Scraped caption text data:

*-*-*

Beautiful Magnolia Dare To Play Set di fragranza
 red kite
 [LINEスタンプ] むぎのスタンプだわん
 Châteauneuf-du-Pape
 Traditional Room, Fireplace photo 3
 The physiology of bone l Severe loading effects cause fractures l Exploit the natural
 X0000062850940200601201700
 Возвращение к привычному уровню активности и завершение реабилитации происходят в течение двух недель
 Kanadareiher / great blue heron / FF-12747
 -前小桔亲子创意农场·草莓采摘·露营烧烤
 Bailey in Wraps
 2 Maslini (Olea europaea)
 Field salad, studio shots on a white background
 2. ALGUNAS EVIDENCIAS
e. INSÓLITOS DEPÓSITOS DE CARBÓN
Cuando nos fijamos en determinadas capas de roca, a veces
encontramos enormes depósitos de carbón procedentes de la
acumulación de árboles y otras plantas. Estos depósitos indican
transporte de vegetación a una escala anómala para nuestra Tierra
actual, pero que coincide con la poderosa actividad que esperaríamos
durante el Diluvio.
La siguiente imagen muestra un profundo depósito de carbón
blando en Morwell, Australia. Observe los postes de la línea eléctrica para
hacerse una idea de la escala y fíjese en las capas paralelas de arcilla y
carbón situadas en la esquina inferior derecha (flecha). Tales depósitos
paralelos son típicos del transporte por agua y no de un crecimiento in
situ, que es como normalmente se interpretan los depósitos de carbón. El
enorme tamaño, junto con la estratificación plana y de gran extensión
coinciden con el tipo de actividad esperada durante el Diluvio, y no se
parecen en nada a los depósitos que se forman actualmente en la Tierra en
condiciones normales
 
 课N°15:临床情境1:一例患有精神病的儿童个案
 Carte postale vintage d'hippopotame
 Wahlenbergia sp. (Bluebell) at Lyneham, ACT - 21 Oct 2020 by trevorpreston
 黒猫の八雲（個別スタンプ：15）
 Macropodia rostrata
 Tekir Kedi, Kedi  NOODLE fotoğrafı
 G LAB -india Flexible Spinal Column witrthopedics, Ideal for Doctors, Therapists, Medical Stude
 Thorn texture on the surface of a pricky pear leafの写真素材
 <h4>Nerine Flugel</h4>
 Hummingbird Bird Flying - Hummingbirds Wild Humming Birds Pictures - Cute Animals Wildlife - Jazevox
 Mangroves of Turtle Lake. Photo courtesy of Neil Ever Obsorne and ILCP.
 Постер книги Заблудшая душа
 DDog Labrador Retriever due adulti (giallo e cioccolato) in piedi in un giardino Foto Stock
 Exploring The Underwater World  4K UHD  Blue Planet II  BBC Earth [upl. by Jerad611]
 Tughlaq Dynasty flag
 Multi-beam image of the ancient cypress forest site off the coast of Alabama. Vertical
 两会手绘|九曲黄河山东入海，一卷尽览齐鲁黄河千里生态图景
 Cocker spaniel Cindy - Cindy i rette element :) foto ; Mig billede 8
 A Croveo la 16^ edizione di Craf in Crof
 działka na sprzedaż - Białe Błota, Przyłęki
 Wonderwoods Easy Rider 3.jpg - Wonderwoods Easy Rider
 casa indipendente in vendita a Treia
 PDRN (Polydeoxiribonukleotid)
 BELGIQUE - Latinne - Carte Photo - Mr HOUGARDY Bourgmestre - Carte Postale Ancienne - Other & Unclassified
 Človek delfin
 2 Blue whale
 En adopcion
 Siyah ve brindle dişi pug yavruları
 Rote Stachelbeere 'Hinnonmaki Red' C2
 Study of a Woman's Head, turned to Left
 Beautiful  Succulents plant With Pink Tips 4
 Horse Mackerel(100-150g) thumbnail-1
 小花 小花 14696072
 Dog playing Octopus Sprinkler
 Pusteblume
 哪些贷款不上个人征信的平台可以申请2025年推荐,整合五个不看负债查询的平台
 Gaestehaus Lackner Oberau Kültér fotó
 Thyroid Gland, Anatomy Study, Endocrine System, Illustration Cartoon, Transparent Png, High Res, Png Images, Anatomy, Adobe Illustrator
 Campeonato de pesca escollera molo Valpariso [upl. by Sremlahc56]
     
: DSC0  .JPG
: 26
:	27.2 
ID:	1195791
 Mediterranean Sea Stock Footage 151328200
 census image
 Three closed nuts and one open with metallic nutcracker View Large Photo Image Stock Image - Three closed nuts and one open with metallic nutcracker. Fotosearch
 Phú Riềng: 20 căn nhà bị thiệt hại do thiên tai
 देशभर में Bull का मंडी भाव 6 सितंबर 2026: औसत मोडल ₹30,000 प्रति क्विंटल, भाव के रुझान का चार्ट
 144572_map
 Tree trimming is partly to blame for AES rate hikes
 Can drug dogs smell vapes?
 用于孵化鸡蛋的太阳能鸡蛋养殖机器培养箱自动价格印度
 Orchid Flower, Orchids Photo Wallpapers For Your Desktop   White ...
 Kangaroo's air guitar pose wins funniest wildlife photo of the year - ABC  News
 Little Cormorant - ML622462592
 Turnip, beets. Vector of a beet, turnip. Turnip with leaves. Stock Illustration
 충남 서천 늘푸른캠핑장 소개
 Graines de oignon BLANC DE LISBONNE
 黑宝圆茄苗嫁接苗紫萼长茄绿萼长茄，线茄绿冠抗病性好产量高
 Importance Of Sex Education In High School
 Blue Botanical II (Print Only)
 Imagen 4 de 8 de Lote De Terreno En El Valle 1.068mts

*-*-*

Aim of the exercise
Nothing may be omitted or altered; reproduce all of the entries.

Solution to this problem
Beautiful Magnolia Dare To Play Set di fragranza
 red kite
 [LINEスタンプ] むぎのスタンプだわん
 Châteauneuf-du-Pape
 Traditional Room, Fireplace photo 3
 The physiology of bone l Severe loading effects cause fractures l Exploit the natural
 X0000062850940200601201700
 Возвращение к привычному уровню активности и завершение реабилитации происходят в течение двух недель
 Kanadareiher / great blue heron / FF-12747
 -前小桔亲子创意农场·草莓采摘·露营烧烤
 Bailey in Wraps
 2 Maslini (Olea europaea)
 Field salad, studio shots on a white background
 2. ALGUNAS EVIDENCIAS
e. INSÓLITOS DEPÓSITOS DE CARBÓN
Cuando nos fijamos en determinadas capas de roca, a veces
encontramos enormes depósitos de carbón procedentes de la
acumulación de árboles y otras plantas. Estos depósitos indican
transporte de vegetación a una escala anómala para nuestra Tierra
actual, pero que coincide con la poderosa actividad que esperaríamos
durante el Diluvio.
La siguiente imagen muestra un profundo depósito de carbón
blando en Morwell, Australia. Observe los postes de la línea eléctrica para
hacerse una idea de la escala y fíjese en las capas paralelas de arcilla y
carbón situadas en la esquina inferior derecha (flecha). Tales depósitos
paralelos son típicos del transporte por agua y no de un crecimiento in
situ, que es como normalmente se interpretan los depósitos de carbón. El
enorme tamaño, junto con la estratificación plana y de gran extensión
coinciden con el tipo de actividad esperada durante el Diluvio, y no se
parecen en nada a los depósitos que se forman actualmente en la Tierra en
condiciones normales
 
 课N°15:临床情境1:一例患有精神病的儿童个案
 Carte postale vintage d'hippopotame
 Wahlenbergia sp. (Bluebell) at Lyneham, ACT - 21 Oct 2020 by trevorpreston
 黒猫の八雲（個別スタンプ：15）
 Macropodia rostrata
 Tekir Kedi, Kedi  NOODLE fotoğrafı
 G LAB -india Flexible Spinal Column witrthopedics, Ideal for Doctors, Therapists, Medical Stude
 Thorn texture on the surface of a pricky pear leafの写真素材
 <h4>Nerine Flugel</h4>
 Hummingbird Bird Flying - Hummingbirds Wild Humming Birds Pictures - Cute Animals Wildlife - Jazevox
 Mangroves of Turtle Lake. Photo courtesy of Neil Ever Obsorne and ILCP.
 Постер книги Заблудшая душа
 DDog Labrador Retriever due adulti (giallo e cioccolato) in piedi in un giardino Foto Stock
 Exploring The Underwater World  4K UHD  Blue Planet II  BBC Earth [upl. by Jerad611]
 Tughlaq Dynasty flag
 Multi-beam image of the ancient cypress forest site off the coast of Alabama. Vertical
 两会手绘|九曲黄河山东入海，一卷尽览齐鲁黄河千里生态图景
 Cocker spaniel Cindy - Cindy i rette element :) foto ; Mig billede 8
 A Croveo la 16^ edizione di Craf in Crof
 działka na sprzedaż - Białe Błota, Przyłęki
 Wonderwoods Easy Rider 3.jpg - Wonderwoods Easy Rider
 casa indipendente in vendita a Treia
 PDRN (Polydeoxiribonukleotid)
 BELGIQUE - Latinne - Carte Photo - Mr HOUGARDY Bourgmestre - Carte Postale Ancienne - Other & Unclassified
 Človek delfin
 2 Blue whale
 En adopcion
 Siyah ve brindle dişi pug yavruları
 Rote Stachelbeere 'Hinnonmaki Red' C2
 Study of a Woman's Head, turned to Left
 Beautiful  Succulents plant With Pink Tips 4
 Horse Mackerel(100-150g) thumbnail-1
 小花 小花 14696072
 Dog playing Octopus Sprinkler
 Pusteblume
 哪些贷款不上个人征信的平台可以申请2025年推荐,整合五个不看负债查询的平台
 Gaestehaus Lackner Oberau Kültér fotó
 Thyroid Gland, Anatomy Study, Endocrine System, Illustration Cartoon, Transparent Png, High Res, Png Images, Anatomy, Adobe Illustrator
 Campeonato de pesca escollera molo Valpariso [upl. by Sremlahc56]
     
: DSC0  .JPG
: 26
:	27.2 
ID:	1195791
 Mediterranean Sea Stock Footage 151328200
 census image
 Three closed nuts and one open with metallic nutcracker View Large Photo Image Stock Image - Three closed nuts and one open with metallic nutcracker. Fotosearch
 Phú Riềng: 20 căn nhà bị thiệt hại do thiên tai
 देशभर में Bull का मंडी भाव 6 सितंबर 2026: औसत मोडल ₹30,000 प्रति क्विंटल, भाव के रुझान का चार्ट
 144572_map
 Tree trimming is partly to blame for AES rate hikes
 Can drug dogs smell vapes?
 用于孵化鸡蛋的太阳能鸡蛋养殖机器培养箱自动价格印度
 Orchid Flower, Orchids Photo Wallpapers For Your Desktop   White ...
 Kangaroo's air guitar pose wins funniest wildlife photo of the year - ABC  News
 Little Cormorant - ML622462592
 Turnip, beets. Vector of a beet, turnip. Turnip with leaves. Stock Illustration
 충남 서천 늘푸른캠핑장 소개
 Graines de oignon BLANC DE LISBONNE
 黑宝圆茄苗嫁接苗紫萼长茄绿萼长茄，线茄绿冠抗病性好产量高
 Importance Of Sex Education In High School
 Blue Botanical II (Print Only)
 Imagen 4 de 8 de Lote De Terreno En El Valle 1.068mts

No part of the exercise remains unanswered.